Fast forward 23 years and, while there’s no Clinton in the White House, exports have jumped to around 15 percent of milk production, the U.S. accounts for nearly 75 percent of Mexico’s dairy imports and Canada is the second largest consumer of U.S. dairy products. NAFTA has been good for U.S. dairy producers.
This article is being written on the eve of NAFTA negotiations, so as you’re reading those discussions have been going on for some time. News reports have no doubt kept you informed.
But are you paying attention? Should you even care? After all, you don’t have control over milk price so why should you care about global markets?
Actually, it’s because you don’t have control that you should care. Production keeps rolling along at 1.5 to 2 percent growth. Processing capacity is maxed out. The U.S. needs export markets, especially with its two largest trading partners.
In some respects change is already happening. Mexico is looking for new trading partners to create diversity in its supply chain, realizing that putting as much as 75% of their milk products in one basket has inherent risk. Canada’s national ingredient strategy has locked the U.S. out of a market built by U.S. processors and made them a competitive player in world powder markets.

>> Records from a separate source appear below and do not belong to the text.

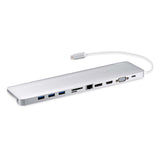 Estación de Acoplamiento Usb-c? 1x Displayport Female / Hdmi Type A VGA Gigabit Anclaje 11-port Plata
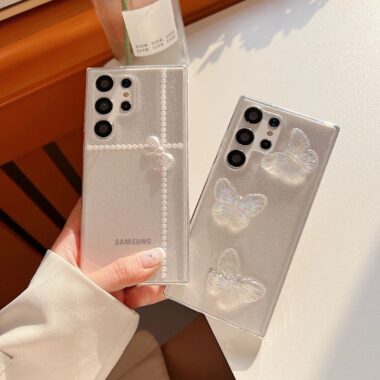 Clear glitter crystal bow shockproof Samsung S24 Ultra case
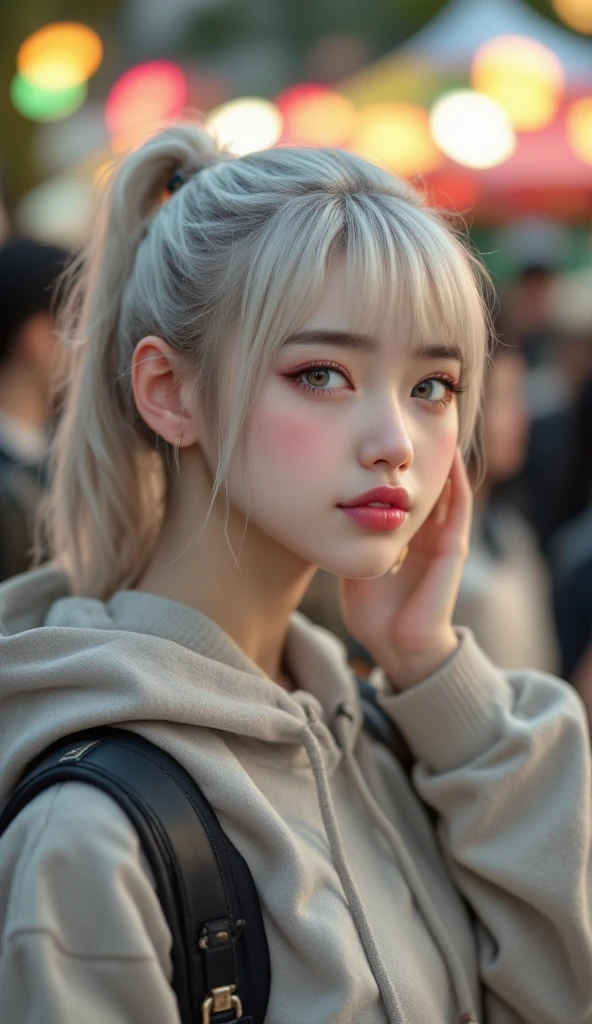 ((realistic, top quality, highest resolution, 8k)), ((accurate , accurate body, accurate hands, Accurate feet)), full body photo, she is a beautiful Japanese girl with lovely big , ponytail hair, silver hair, silver eyes, red lips,  University, Campus, She is enjoying the festival,  University에서 축제를 즐기고 있다, and she says it's amazing to watch the scene where the lovers are singing songs by making it a stage at the playground, She's interested in new things, bright smile, Bright smile, She's ashamed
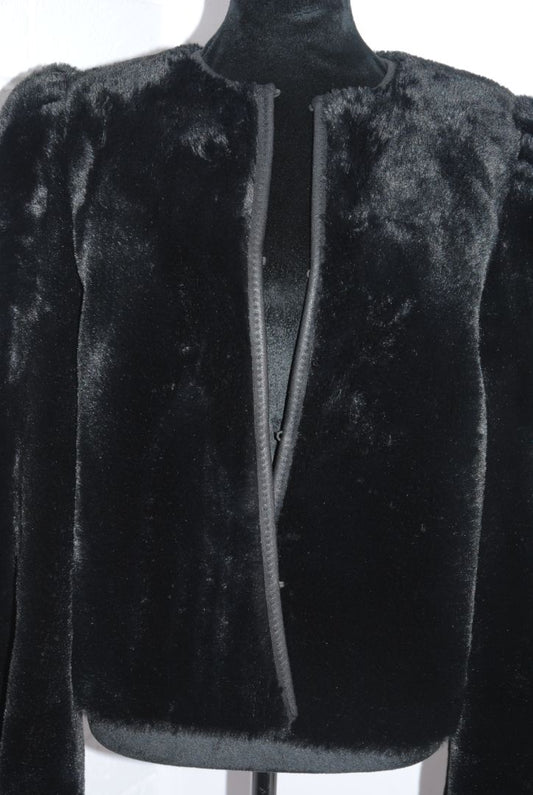 black faux fur jacket ` blazer, M
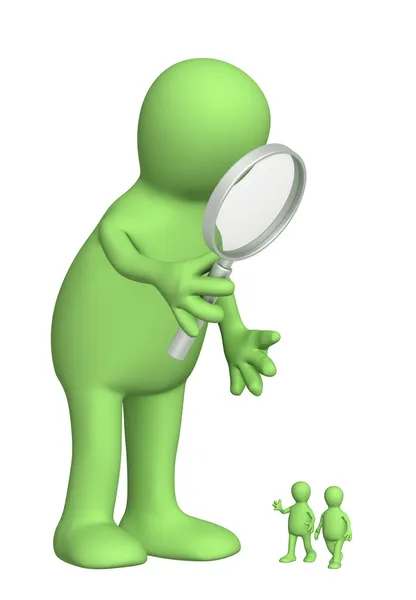 Giant with a magnifier and small — Stock Photo, Image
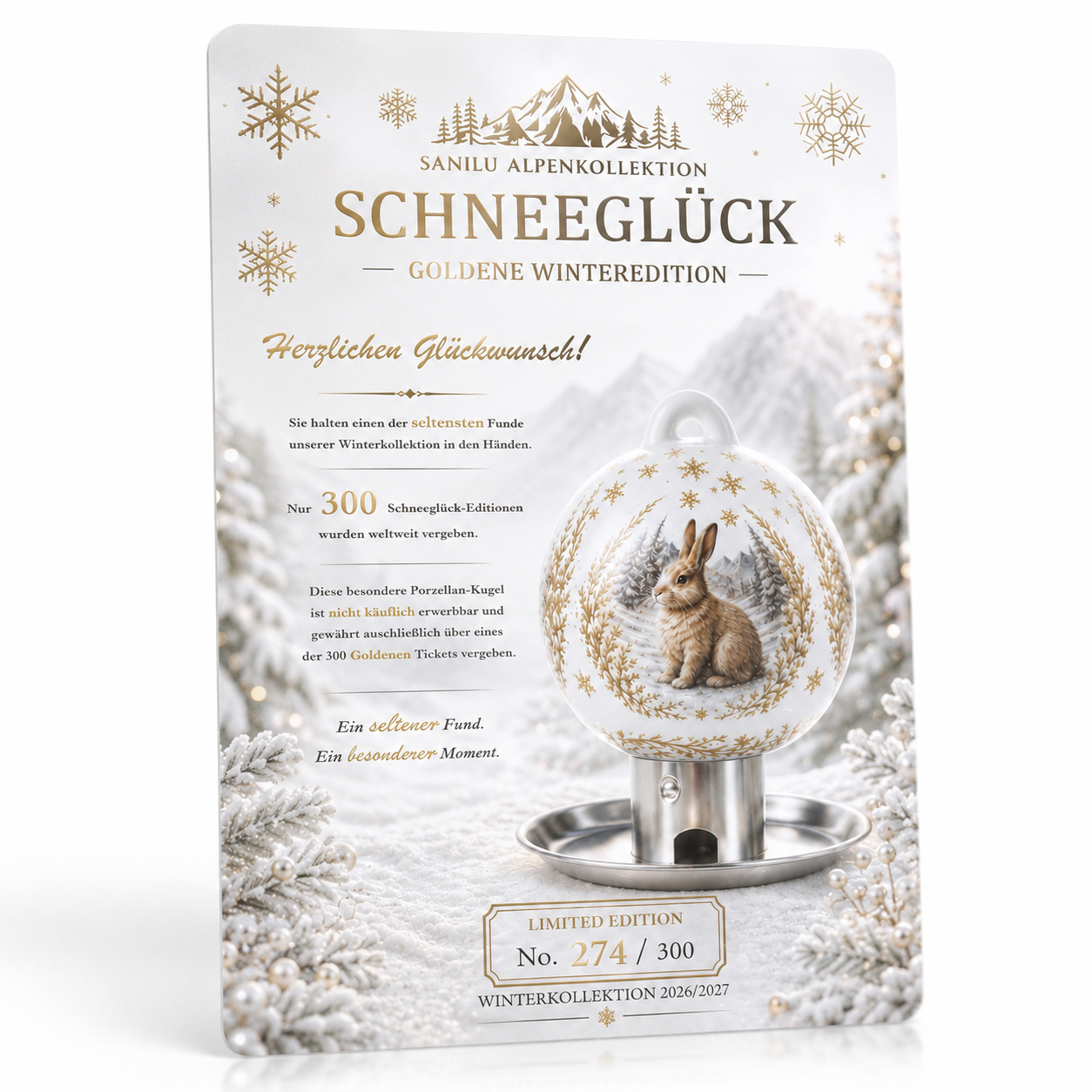 Zertifikat Schneeglück Nahaufnahme Premium Porzellan Vogelfutterspender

Both of those events are big deals for the U.S. If Mexico decides to buy more products from the EU or New Zealand, that cuts into U.S. market share. Most experts agree that Mexico won’t leave the U.S. hanging, given the advantages to doing business with their closest and largest neighbor, and U.S. exports to Mexico so far in 2017 are higher than they have been in the past two years.
With regard to Canada, shutting off the market for ultra-filtered milk has had regional impacts, but a more widespread impact could come in their more competitive position in the global dairy ingredient marketplace. While it’s good to have competition, inordinately low cost or unfair competition is a problem.
With the tenuous balance between export demand and growing supply, now more than ever your milk check is directly impacted by global markets. That’s what makes NAFTA negotiations so important, and why these next few weeks and months could have a critical impact on the future of your milk check.